L’ethnie ouighour fait partie d’un vaste ensemble turcique et bénéficie ainsi de relais dans les pays voisins où existent des minorités turcophones et en premier lieu dans la Turquie d’Erdogan. Alors qu’il lutte contre le sentiment national Kurde, et nie le génocide arménien, Recep Tayep Erdogan appuie le développement du panturquisme. Ainsi en juillet 2009, depuis le G8 d’Aquila (Italie), il a dénoncé une « forme de génocide» au Xinjiang. La diplomatie turque s’est ensuite employée à modérer ses propos. Mais les services secrets turcs sont à la manœuvre pour aider le Mouvement Islamique de l’Est du Turkestan à acheminer les combattants Ouighours en Syrie.

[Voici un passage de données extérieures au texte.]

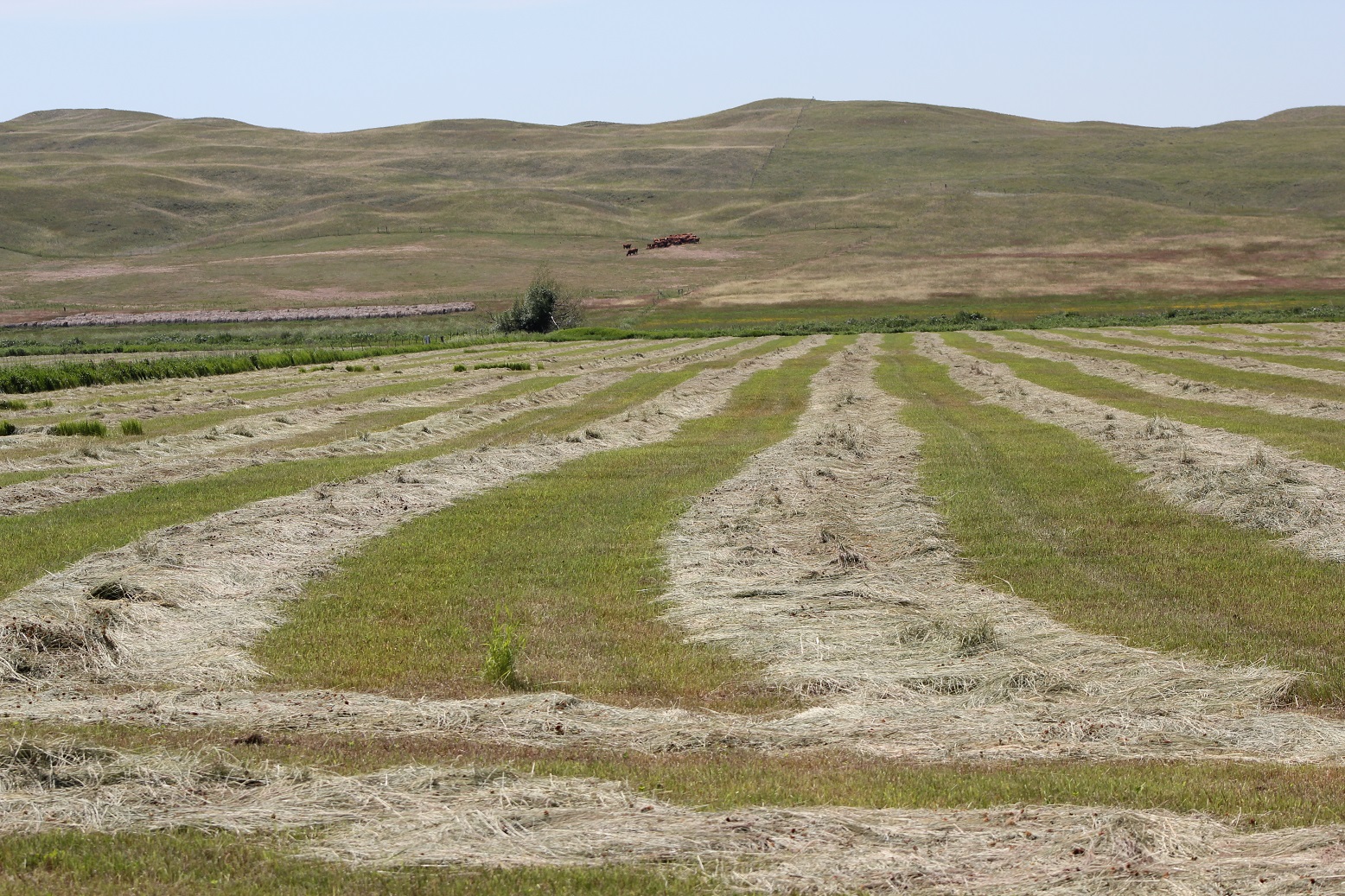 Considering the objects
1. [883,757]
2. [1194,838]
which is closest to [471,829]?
[883,757]

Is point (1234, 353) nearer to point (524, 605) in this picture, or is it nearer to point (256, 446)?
point (256, 446)

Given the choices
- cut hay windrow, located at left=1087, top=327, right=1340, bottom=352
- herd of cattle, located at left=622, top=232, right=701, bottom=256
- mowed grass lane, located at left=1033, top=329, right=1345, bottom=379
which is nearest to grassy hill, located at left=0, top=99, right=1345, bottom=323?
herd of cattle, located at left=622, top=232, right=701, bottom=256

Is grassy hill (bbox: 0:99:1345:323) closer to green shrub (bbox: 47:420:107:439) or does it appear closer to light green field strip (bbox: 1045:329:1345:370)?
light green field strip (bbox: 1045:329:1345:370)

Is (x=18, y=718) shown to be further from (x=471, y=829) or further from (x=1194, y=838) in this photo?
(x=1194, y=838)

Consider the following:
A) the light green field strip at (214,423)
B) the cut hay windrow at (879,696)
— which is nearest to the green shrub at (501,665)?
the cut hay windrow at (879,696)

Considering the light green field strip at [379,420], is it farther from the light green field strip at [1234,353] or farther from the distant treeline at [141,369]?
the light green field strip at [1234,353]

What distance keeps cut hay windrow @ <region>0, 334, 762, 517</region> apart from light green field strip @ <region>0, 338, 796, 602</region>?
1.88ft

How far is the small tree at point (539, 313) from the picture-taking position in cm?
8738

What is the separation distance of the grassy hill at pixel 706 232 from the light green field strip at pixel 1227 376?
46.3m

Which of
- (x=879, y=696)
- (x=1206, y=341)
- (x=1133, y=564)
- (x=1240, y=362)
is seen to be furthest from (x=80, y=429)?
(x=1206, y=341)

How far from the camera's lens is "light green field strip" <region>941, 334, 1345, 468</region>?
24.0m

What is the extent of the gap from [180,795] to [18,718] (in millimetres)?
2773

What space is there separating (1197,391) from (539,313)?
189ft

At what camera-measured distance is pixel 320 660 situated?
11.4m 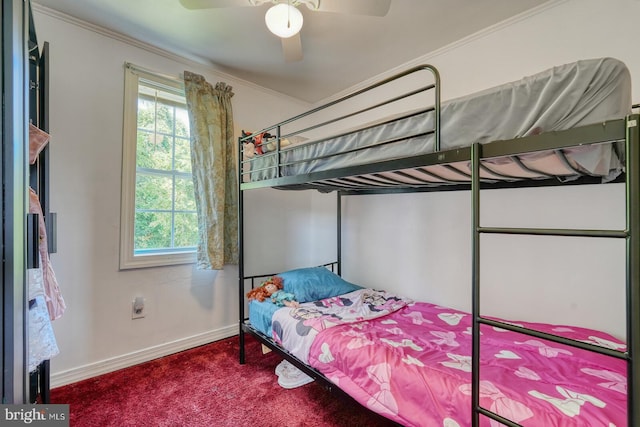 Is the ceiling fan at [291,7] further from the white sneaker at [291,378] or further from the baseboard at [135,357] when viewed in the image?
the baseboard at [135,357]

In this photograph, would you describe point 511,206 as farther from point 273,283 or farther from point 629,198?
point 273,283

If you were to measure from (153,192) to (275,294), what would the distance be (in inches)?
54.3

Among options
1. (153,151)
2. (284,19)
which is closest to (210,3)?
(284,19)

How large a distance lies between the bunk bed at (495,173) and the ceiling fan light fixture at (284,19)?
0.59 m

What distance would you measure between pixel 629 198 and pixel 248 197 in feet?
8.98

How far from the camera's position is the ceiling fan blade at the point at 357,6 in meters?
1.44

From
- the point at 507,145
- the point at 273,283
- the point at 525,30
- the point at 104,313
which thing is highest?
the point at 525,30

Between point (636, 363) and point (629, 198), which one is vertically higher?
point (629, 198)

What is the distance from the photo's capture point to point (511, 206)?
194cm

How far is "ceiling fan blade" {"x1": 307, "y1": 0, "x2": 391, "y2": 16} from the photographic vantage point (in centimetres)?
144

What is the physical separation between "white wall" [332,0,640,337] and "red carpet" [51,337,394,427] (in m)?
1.21

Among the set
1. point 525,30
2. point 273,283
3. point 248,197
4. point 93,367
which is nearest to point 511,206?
point 525,30

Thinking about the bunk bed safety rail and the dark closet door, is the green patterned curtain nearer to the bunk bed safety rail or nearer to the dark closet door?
the bunk bed safety rail

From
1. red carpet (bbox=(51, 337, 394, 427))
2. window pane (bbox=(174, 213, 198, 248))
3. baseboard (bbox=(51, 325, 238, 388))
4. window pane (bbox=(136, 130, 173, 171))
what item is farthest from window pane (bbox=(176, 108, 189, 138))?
red carpet (bbox=(51, 337, 394, 427))
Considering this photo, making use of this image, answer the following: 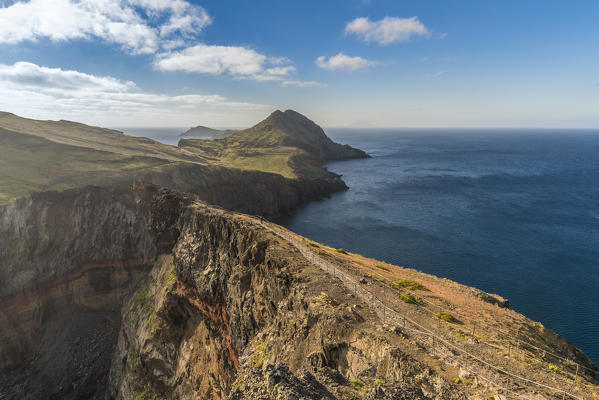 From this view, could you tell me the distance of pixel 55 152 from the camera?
10350 cm

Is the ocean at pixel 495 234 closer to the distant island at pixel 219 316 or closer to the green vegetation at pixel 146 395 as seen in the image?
the distant island at pixel 219 316

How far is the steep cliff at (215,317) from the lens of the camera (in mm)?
17312

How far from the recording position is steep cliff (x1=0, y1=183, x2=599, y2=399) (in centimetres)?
1731

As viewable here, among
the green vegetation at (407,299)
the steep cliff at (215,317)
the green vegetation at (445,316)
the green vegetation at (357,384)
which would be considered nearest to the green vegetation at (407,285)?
the steep cliff at (215,317)

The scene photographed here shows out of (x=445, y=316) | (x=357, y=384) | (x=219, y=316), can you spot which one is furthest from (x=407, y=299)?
(x=219, y=316)

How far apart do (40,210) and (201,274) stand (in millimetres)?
43204

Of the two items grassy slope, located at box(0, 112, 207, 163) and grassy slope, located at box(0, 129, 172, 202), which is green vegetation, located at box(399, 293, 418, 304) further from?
grassy slope, located at box(0, 112, 207, 163)

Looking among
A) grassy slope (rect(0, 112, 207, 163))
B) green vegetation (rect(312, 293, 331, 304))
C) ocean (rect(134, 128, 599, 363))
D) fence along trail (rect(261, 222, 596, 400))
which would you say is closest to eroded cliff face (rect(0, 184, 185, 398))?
green vegetation (rect(312, 293, 331, 304))

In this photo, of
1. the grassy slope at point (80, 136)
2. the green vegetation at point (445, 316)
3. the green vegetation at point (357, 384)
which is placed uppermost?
the grassy slope at point (80, 136)

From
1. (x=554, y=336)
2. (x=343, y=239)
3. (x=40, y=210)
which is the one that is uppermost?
(x=40, y=210)

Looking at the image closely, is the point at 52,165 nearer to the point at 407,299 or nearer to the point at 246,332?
the point at 246,332

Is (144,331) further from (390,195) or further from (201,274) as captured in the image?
(390,195)

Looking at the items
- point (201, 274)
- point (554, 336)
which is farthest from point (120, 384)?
point (554, 336)

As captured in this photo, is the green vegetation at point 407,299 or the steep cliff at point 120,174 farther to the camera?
the steep cliff at point 120,174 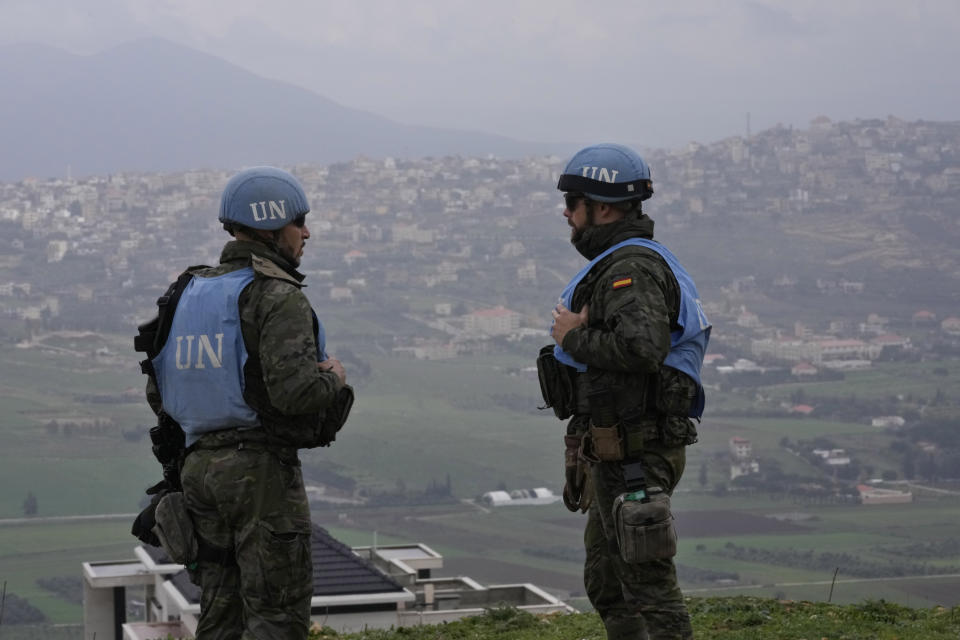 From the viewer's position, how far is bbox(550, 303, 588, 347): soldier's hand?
5.25 m

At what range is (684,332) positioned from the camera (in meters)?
5.26

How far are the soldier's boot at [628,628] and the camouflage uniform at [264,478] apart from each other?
1259 millimetres

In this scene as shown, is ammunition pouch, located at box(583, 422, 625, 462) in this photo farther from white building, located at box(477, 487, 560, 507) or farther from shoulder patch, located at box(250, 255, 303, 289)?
white building, located at box(477, 487, 560, 507)

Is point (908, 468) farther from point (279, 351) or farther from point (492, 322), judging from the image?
point (279, 351)

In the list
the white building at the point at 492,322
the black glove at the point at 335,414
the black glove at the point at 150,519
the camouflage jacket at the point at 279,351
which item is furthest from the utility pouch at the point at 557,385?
the white building at the point at 492,322

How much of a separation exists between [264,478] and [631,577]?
1.43 m

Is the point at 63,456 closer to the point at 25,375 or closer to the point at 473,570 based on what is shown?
the point at 25,375

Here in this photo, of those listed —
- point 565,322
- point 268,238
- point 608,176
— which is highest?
point 608,176

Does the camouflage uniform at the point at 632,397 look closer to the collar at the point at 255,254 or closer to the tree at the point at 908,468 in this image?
the collar at the point at 255,254

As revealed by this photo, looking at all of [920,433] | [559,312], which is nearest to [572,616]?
[559,312]

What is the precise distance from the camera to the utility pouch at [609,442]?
16.9 feet

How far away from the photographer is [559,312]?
5.33m

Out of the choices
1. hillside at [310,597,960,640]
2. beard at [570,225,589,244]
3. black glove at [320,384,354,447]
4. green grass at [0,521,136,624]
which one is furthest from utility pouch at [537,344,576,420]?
green grass at [0,521,136,624]

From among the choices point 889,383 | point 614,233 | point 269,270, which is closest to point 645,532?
point 614,233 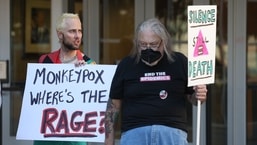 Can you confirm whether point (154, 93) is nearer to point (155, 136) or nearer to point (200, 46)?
point (155, 136)

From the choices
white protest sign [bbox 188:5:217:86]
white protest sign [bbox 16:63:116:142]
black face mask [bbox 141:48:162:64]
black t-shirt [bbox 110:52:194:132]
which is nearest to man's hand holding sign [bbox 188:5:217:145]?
white protest sign [bbox 188:5:217:86]

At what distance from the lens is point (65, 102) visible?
4.45 m

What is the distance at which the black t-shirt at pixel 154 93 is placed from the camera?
352 cm

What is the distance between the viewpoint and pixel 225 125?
22.7ft

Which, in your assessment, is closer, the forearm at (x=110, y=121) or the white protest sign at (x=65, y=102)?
the forearm at (x=110, y=121)

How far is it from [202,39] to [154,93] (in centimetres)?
56

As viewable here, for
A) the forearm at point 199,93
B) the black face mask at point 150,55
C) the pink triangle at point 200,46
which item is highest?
the pink triangle at point 200,46

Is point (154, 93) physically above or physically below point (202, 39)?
below

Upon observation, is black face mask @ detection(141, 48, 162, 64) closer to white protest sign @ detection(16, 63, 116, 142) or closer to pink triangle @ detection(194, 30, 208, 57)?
pink triangle @ detection(194, 30, 208, 57)

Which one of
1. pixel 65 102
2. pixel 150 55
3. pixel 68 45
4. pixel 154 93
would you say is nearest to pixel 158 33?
pixel 150 55

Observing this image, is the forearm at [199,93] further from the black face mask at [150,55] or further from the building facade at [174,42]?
the building facade at [174,42]

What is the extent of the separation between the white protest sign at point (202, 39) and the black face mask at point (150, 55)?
0.31 meters

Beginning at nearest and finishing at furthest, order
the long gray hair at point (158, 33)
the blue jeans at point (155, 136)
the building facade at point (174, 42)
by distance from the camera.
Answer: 1. the blue jeans at point (155, 136)
2. the long gray hair at point (158, 33)
3. the building facade at point (174, 42)

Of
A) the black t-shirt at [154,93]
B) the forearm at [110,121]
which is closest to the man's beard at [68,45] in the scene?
the forearm at [110,121]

Seymour Hersh rapporte dans Military to Military [9] les inquiétudes de l’ambassadeur de Syrie en Chine Imad Moustapha [10] : « Erdogan a transporté des Ouighours vers la Syrie par des moyens de transport spéciaux tandis que son gouvernement s’agitait en faveur de leur combat en Chine. Les terroristes musulmans ouighours et birmans qui s’échappent par la Thaïlande se procurent d’une manière ou d’une autre des passeports turcs puis sont acheminés vers la Turquie d’où ils transitent vers la Syrie. »
L’ambassadeur a ajouté qu’il existe une « ratline » [11] qui achemine les Ouighours – les estimations vont de quelques centaines à quelques milliers – depuis la Chine via le Kazakhstan pour un éventuel transit par la Turquie. « Le fait qu’ils aient été aidés par les services secrets turcs pour se rendre en Syrie depuis la Chine en passant par la Turquie a été à la source de tensions énormes entre services secrets chinois et turcs. La Chine est inquiète du soutien de la Turquie envers les combattants Ouighours en Syrie, qui pourrait très bien s’étendre au Xinjkiang. Nous fournissons déjà des informations concernant ces terroristes et les routes qu’ils empruntent pour rejoindre la Syrie aux services secrets chinois. »
Le journal IHS-Jane’s Defence Weekly a estimé en octobre 2015 qu’au moins 5000 futurs combattants Ouighours étaient arrivés en Turquie depuis 2013, dont peut-être 2000 avaient fait mouvement vers la Syrie. Moustapha a déclaré qu’il détenait des informations selon lesquelles « au moins 860 combattants Ouighours se trouveraient en Syrie. »

Les indices d’une implication militaire accrue de la Chine au Moyen-Orient

La presse officielle chinoise louait le 12 mai 2015 la relation de plus en plus étroite entre Pékin et Moscou, tandis que les deux puissances lançaient conjointement des manœuvres navales inédites en Méditerranée [12]. Ces exercices rassemblent neuf navires de guerre russes et chinois pour une durée prévue de 11 jours, a rapporté le quotidien Global Times.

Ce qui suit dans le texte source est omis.